What to produce: Below are records with pictures. Transcribe exactly, and only, the lines from the line with "Blue cylindrical batteries" to the line with "Black Wide-Leg Pants with Front Seam", both ends included, but not the pictures.

The data:
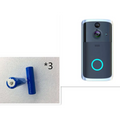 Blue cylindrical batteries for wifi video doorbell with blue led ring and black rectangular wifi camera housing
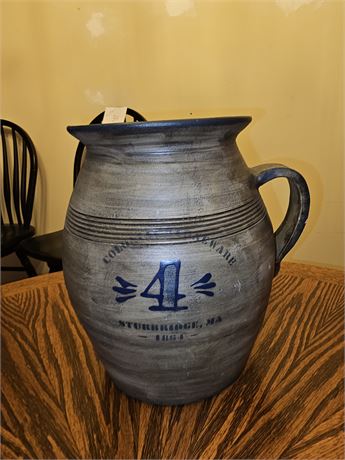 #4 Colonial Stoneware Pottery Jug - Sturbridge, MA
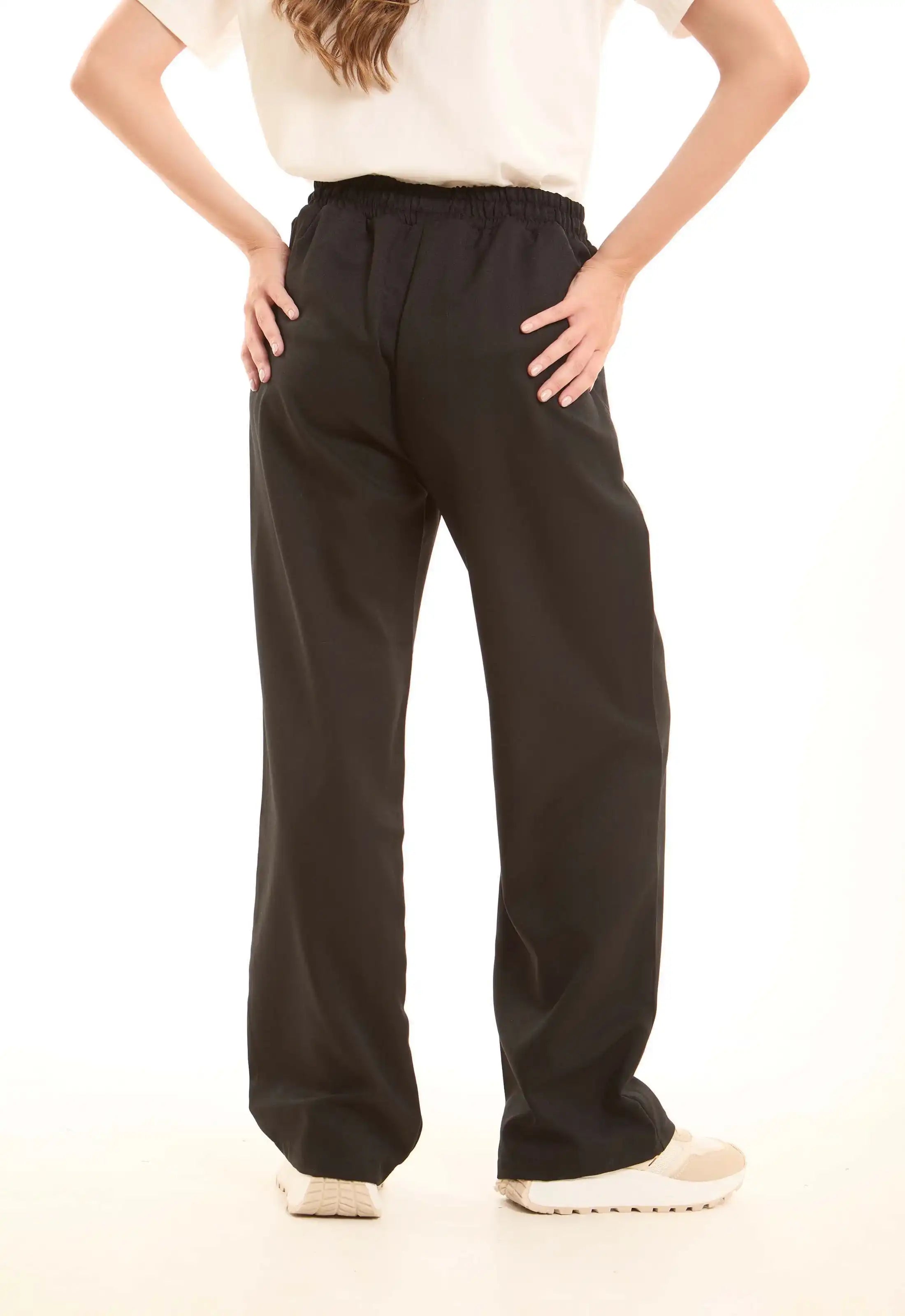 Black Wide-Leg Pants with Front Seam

--

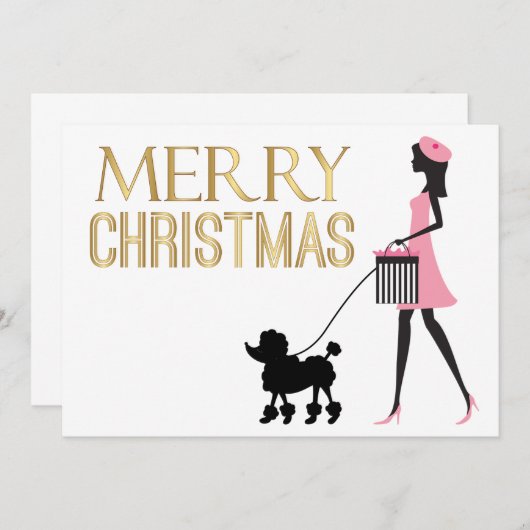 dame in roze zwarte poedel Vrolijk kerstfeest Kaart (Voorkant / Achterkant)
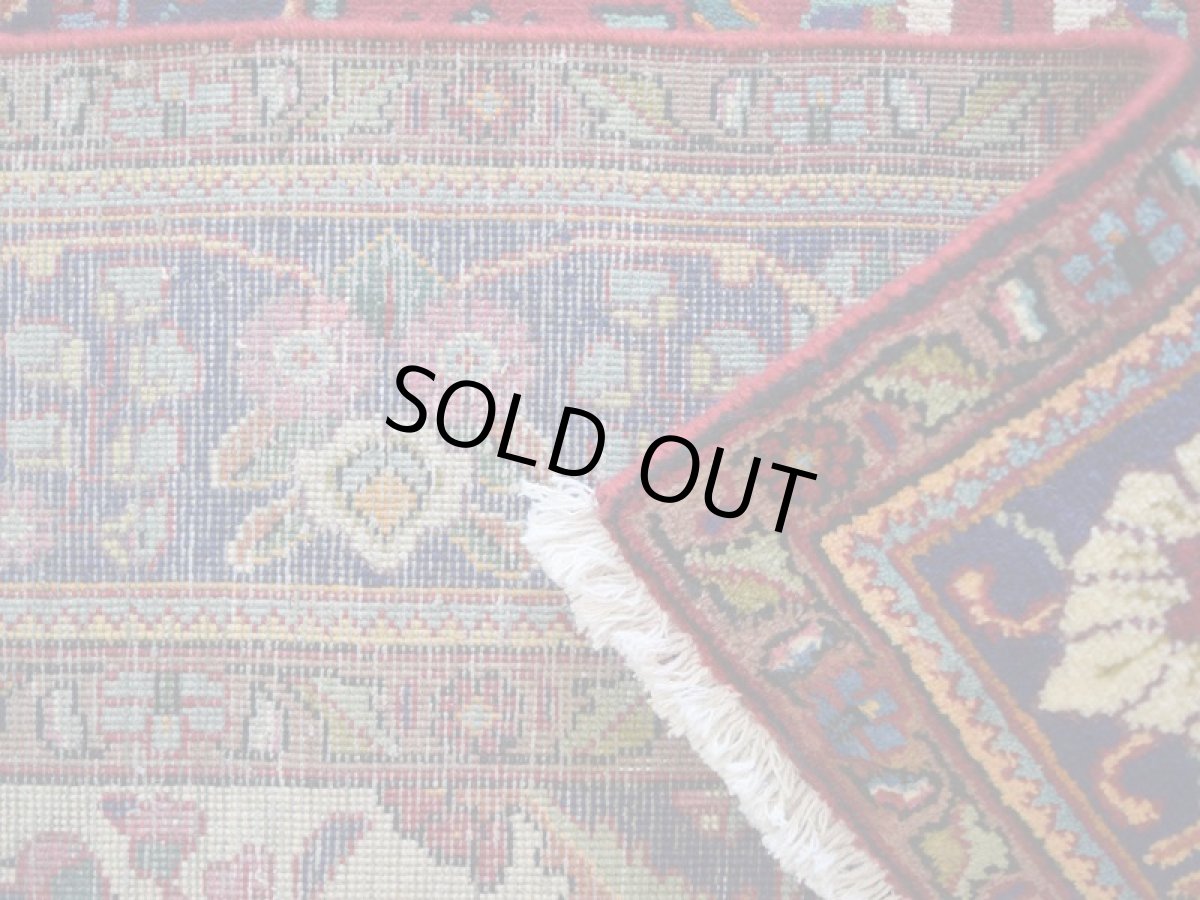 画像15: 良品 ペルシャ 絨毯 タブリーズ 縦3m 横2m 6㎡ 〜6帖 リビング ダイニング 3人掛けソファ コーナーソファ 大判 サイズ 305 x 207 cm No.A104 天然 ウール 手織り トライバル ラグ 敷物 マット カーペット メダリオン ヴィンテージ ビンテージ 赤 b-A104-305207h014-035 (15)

...

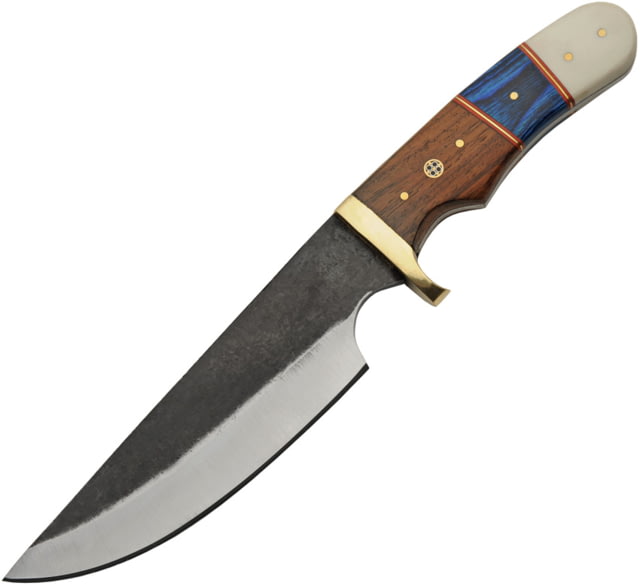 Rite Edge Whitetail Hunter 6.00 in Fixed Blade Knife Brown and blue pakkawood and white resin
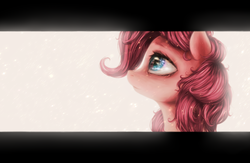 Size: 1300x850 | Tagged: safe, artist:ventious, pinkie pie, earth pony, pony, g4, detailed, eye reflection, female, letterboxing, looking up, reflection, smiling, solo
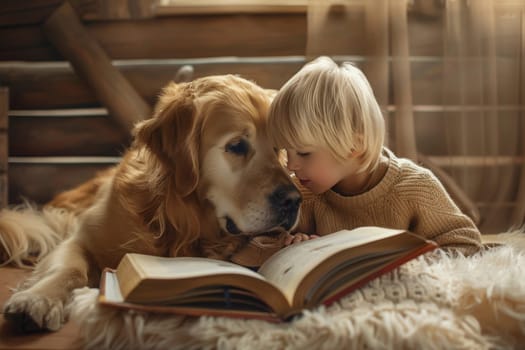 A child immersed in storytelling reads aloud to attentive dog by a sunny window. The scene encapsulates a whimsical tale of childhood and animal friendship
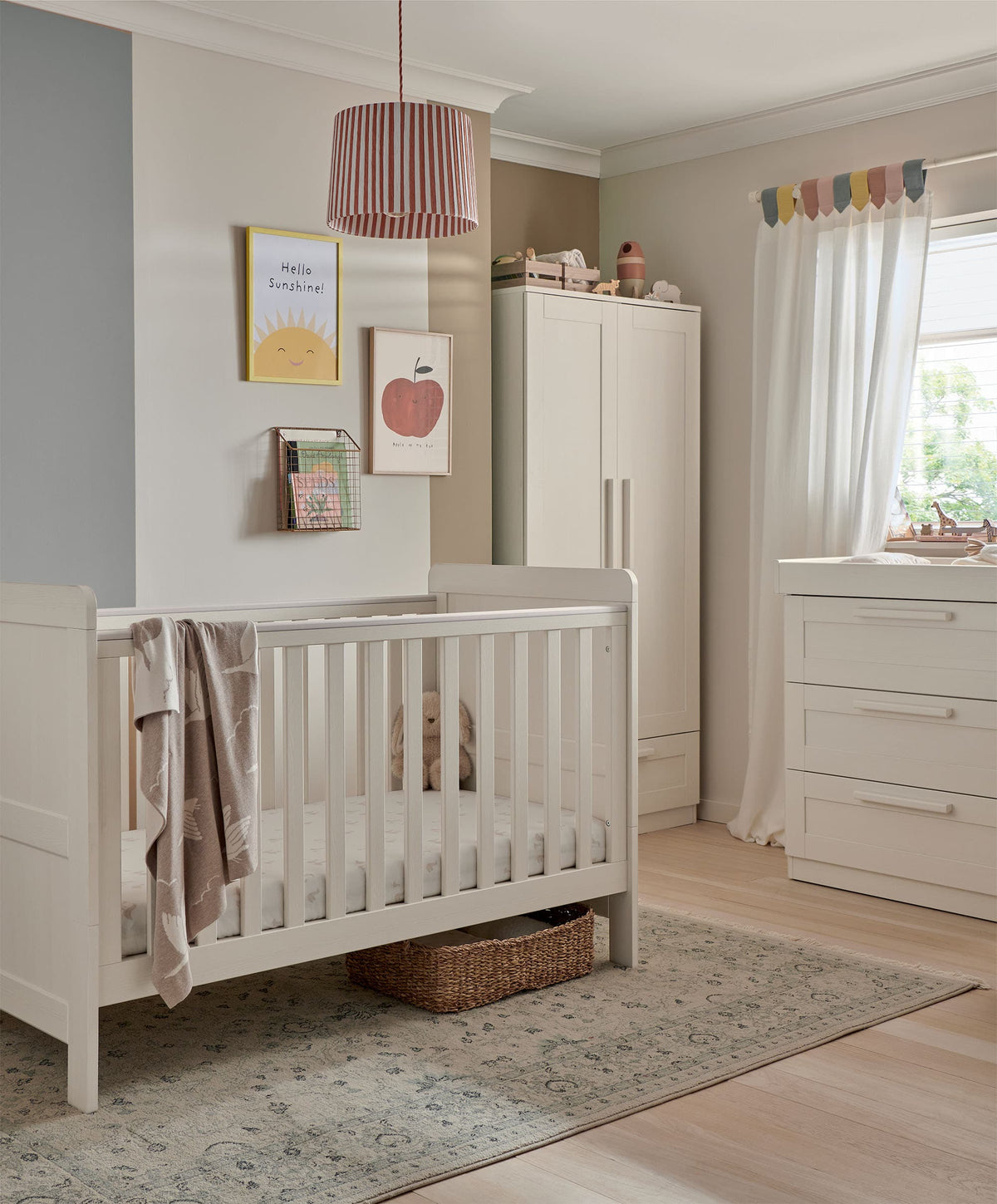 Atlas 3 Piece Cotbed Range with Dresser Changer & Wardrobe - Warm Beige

Reply:
 Blue cylindrical batteries for wifi video doorbell with blue led ring and black rectangular wifi camera housing
 #4 Colonial Stoneware Pottery Jug - Sturbridge, MA
 Black Wide-Leg Pants with Front Seam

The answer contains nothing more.